Your task
Write the data below out again in full, exactly as shown.

● ● ● ● ●

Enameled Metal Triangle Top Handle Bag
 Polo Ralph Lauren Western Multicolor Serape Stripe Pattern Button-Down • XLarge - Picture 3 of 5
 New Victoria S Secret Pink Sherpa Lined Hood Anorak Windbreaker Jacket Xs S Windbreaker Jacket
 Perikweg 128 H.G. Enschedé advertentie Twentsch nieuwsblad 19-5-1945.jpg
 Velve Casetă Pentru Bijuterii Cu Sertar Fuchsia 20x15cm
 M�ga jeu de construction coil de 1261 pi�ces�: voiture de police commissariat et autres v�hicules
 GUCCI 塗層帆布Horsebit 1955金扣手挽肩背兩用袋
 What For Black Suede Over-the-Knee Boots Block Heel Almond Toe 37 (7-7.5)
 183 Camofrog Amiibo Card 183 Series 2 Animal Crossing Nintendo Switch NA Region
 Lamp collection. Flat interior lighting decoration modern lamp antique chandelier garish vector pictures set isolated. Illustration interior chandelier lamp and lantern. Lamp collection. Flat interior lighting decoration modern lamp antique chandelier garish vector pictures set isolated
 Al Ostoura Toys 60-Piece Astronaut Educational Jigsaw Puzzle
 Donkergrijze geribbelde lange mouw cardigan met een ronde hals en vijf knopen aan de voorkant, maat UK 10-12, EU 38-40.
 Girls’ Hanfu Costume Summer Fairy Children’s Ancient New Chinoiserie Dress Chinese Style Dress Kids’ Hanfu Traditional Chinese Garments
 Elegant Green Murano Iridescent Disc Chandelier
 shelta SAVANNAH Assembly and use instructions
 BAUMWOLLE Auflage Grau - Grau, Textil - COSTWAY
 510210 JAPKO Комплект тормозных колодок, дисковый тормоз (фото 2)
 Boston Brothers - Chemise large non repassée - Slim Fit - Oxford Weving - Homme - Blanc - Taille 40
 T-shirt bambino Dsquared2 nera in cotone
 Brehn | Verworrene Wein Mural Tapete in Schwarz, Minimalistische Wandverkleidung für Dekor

● ● ● ● ●

Response for this exercise
Enameled Metal Triangle Top Handle Bag
 Polo Ralph Lauren Western Multicolor Serape Stripe Pattern Button-Down • XLarge - Picture 3 of 5
 New Victoria S Secret Pink Sherpa Lined Hood Anorak Windbreaker Jacket Xs S Windbreaker Jacket
 Perikweg 128 H.G. Enschedé advertentie Twentsch nieuwsblad 19-5-1945.jpg
 Velve Casetă Pentru Bijuterii Cu Sertar Fuchsia 20x15cm
 M�ga jeu de construction coil de 1261 pi�ces�: voiture de police commissariat et autres v�hicules
 GUCCI 塗層帆布Horsebit 1955金扣手挽肩背兩用袋
 What For Black Suede Over-the-Knee Boots Block Heel Almond Toe 37 (7-7.5)
 183 Camofrog Amiibo Card 183 Series 2 Animal Crossing Nintendo Switch NA Region
 Lamp collection. Flat interior lighting decoration modern lamp antique chandelier garish vector pictures set isolated. Illustration interior chandelier lamp and lantern. Lamp collection. Flat interior lighting decoration modern lamp antique chandelier garish vector pictures set isolated
 Al Ostoura Toys 60-Piece Astronaut Educational Jigsaw Puzzle
 Donkergrijze geribbelde lange mouw cardigan met een ronde hals en vijf knopen aan de voorkant, maat UK 10-12, EU 38-40.
 Girls’ Hanfu Costume Summer Fairy Children’s Ancient New Chinoiserie Dress Chinese Style Dress Kids’ Hanfu Traditional Chinese Garments
 Elegant Green Murano Iridescent Disc Chandelier
 shelta SAVANNAH Assembly and use instructions
 BAUMWOLLE Auflage Grau - Grau, Textil - COSTWAY
 510210 JAPKO Комплект тормозных колодок, дисковый тормоз (фото 2)
 Boston Brothers - Chemise large non repassée - Slim Fit - Oxford Weving - Homme - Blanc - Taille 40
 T-shirt bambino Dsquared2 nera in cotone
 Brehn | Verworrene Wein Mural Tapete in Schwarz, Minimalistische Wandverkleidung für Dekor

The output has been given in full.